= Antoine de Léris =

French journalist and drama critic

Antoine de Léris (Mont-Louis, Roussillon, 28 February 1723 — 1795) was a French journalist and drama critic of the 18th century and a historian of the French theatre, author of the Dictionnaire portatif historique et littéraire des théâtres, contenant l'origine des differens théâtres de Paris, ("Portable historical and literary dictionary of theatres, containing the origins of the various theatres of Paris"), published without the author's name on the title page by Jombert in Paris in 1754.The corrected and augmented second edition, 1763, is a standard work of theatre history, a "library" of information. "Léris is accounted by many commentators very nearly the equal of François and Claude Parfaict when it comes to painstaking accuracy and responsible commentary," William Brooks observes.

Antoine de Léris supported himself as a man of letters with a sinecure purchased at the Chambre des comptes, as premier huissier ("first usher"). Collaborating with abbé Marc-Antoine Laugier and Antoine Jacques Labbet, abbé de Morambert, he edited the first French review of music, Sentiment d'un harmonophile sur différents ouvrages de musique ("Views of a lover of harmony on different works of music") "Amsterdam", i.e.
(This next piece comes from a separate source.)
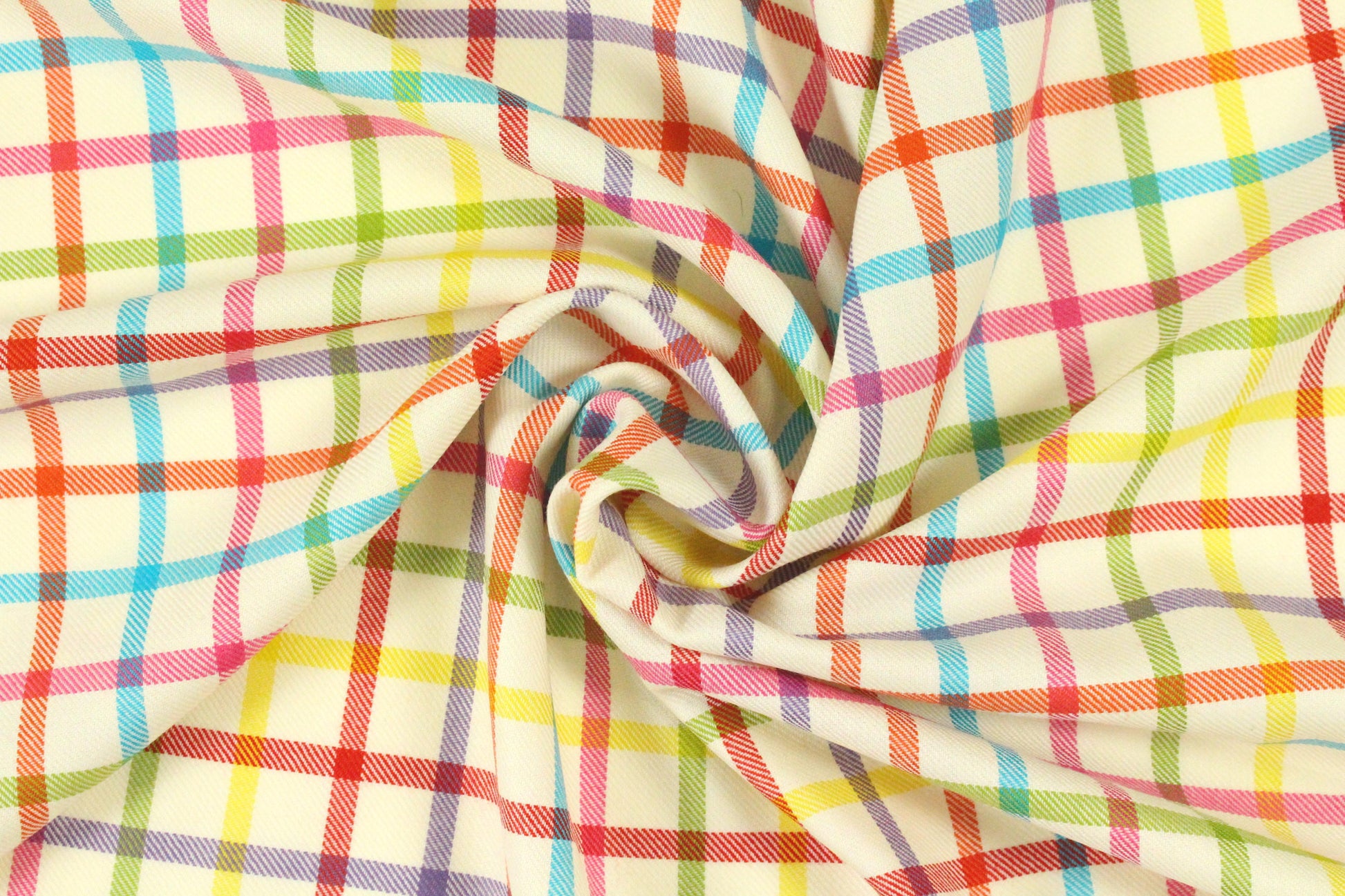 Italian colorful plaid all-wool twill weave suiting 1.75 yd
Paris:Jombert, 1756.

Léris has been credited as the anonymous author of La géographie rendu aisée, ou traitée méthodique pour apprendre la géographie ("Geography rendered easy, or methodical treaty for learning geography"), Paris, 1753.
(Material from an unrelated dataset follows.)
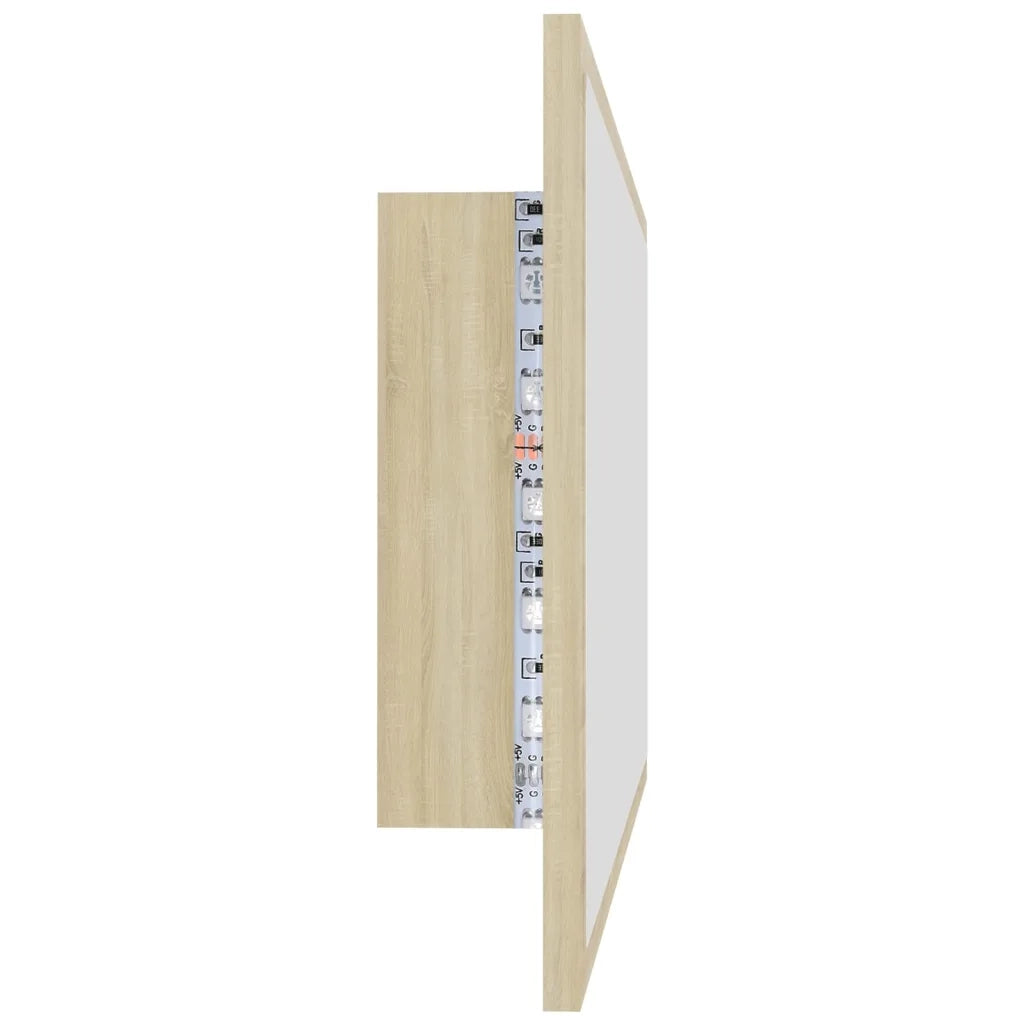 Specchio da Bagno-Specchio per il bagno  LED Rovere Sonoma 80x8,5x37 cm in Acrilico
He also took part in Après-soupers de la campagne ou, Recueil d'Histoires courrantes et amusantes ("Country after-dinner evenings, or collection of current and amusing tales"), 1759 and 1764. Friedrich Melchior Grimm didn't think much of the second collection: "The author claims that the public received his work with indulgence. If perfect oblivion may so be called, the author is right to be grateful".